Question
Given an array of integers, the majority number is the number that occurs more than 1/3 of the size of the array. Find it.
Note: There is only one majority number in the array
Example: For [1, 2, 1, 2, 1, 3, 3] return 1
Analysis
Similar to ‘Majority Number’, but a little more difficult.
Instead of keeping 1 value for checking, now keep 2 values. If the new number is same as any of the 2 values, decrease the count. If the new number is a totally new one, decrease both. The coding is a bit difficult and lengthy.
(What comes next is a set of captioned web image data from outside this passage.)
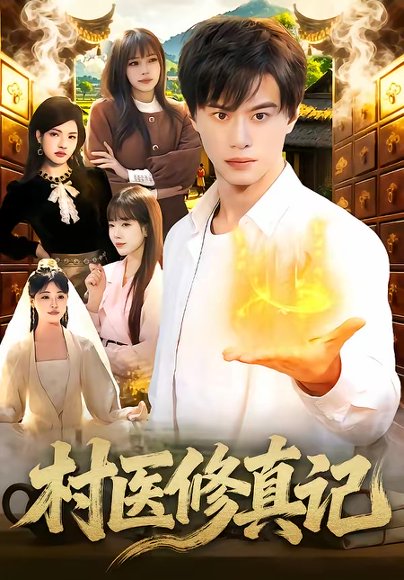 村医修真记（87集）宋睿＆朱昱熹 高清完整版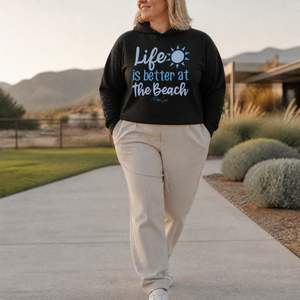 Cropped Hoodie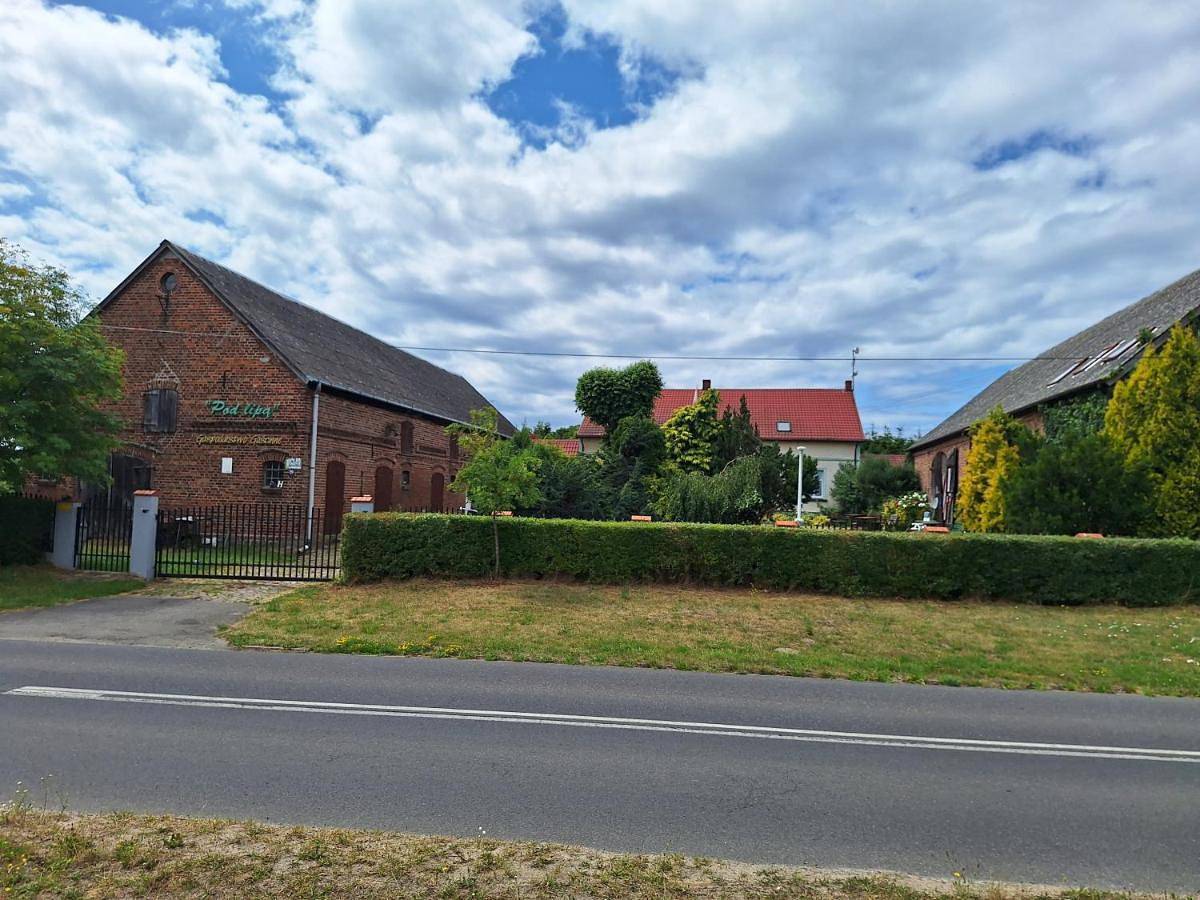 Ganze Wohnung, Gospodarstwo Gościnne Pod Lipą in Zastań, Baltic Sea Pomerania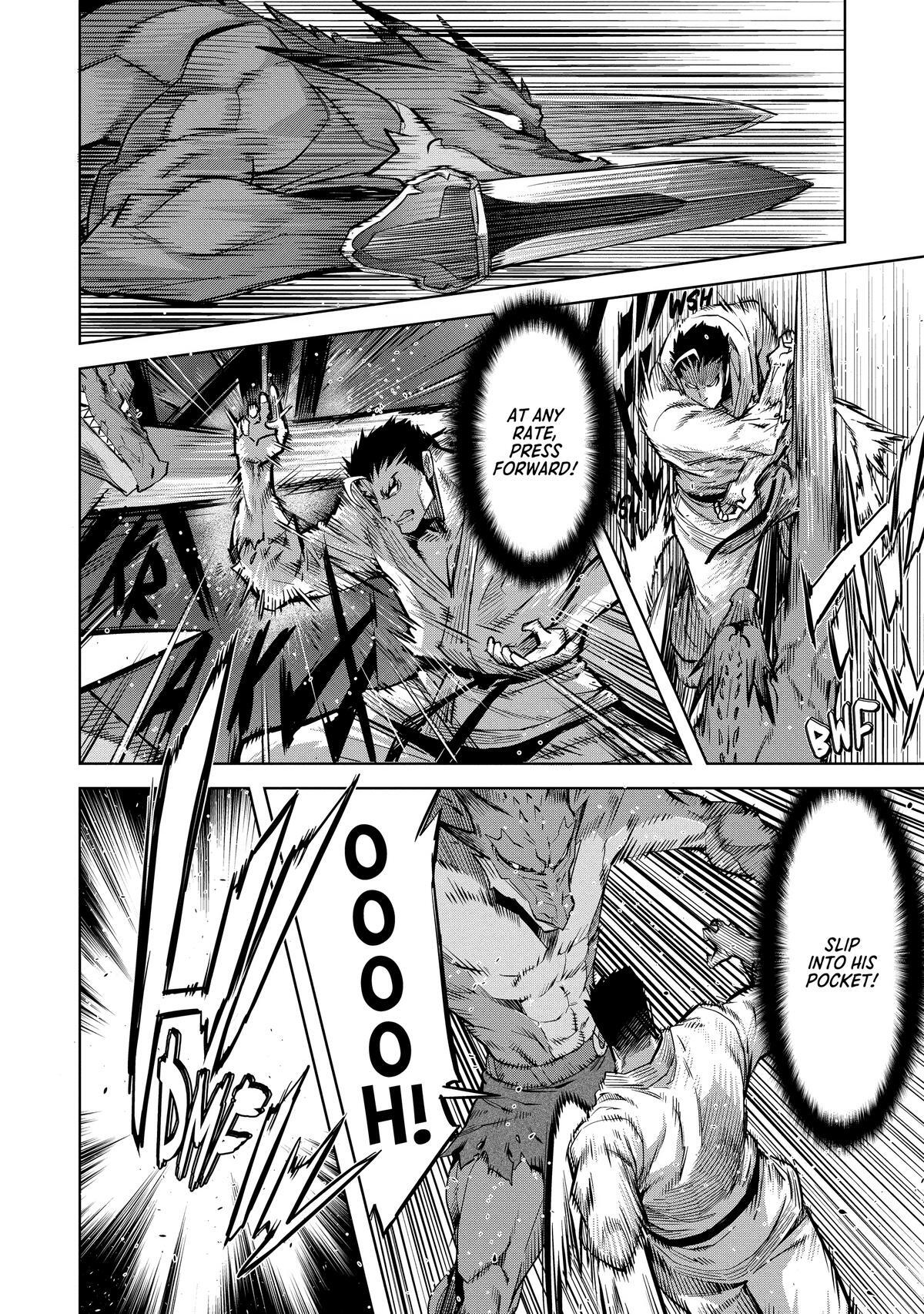 Read Karate Master Isekai Manga Online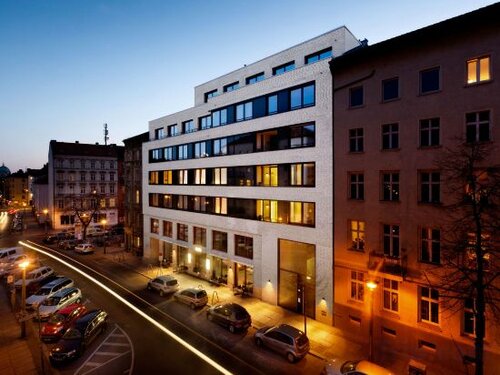 Апартаменты The Circus Apartments в Берлине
Note that 2 values are found in the end, do another iteration thru the array, and find the correct result from these 2 values.
Code
public int majorityNumber(ArrayList<Integer> nums) {
// write your code
if (nums == null || nums.size() < 3) {
return -1;
}
int num1 = nums.get(0);
int p = 1;
int len = nums.size();
while (p < len && nums.get(p) == num1) {
p++;
}
int num2 = nums.get(p);
int count1 = p;
int count2 = 1;
for (int i = p + 1; i < len; i++) {
if (nums.get(i) == num1) {
count1++;
} else if (nums.get(i) == num2) {
count2++;
} else {
// a totally different value
if (count1 == 0) {
num1 = nums.get(i);
count1++;
} else if (count2 == 0) {
num2 = nums.get(i);
count2++;
} else {
count1--;
count2--;
}
}
}
if (count1 == 0 && count2 == 0) {
return -1;
} else if (count1 == 0) {
return num2;
} else if (count2 == 0) {
return num1;
} else {
// it's gotta be either num1 or num2
int count = 0;
for (Integer n: nums) {
if (n == num1) {
count ++;
}
}
if (count >= len / 3 + 1) {
return num1;
} else {
return num2;
}
}
}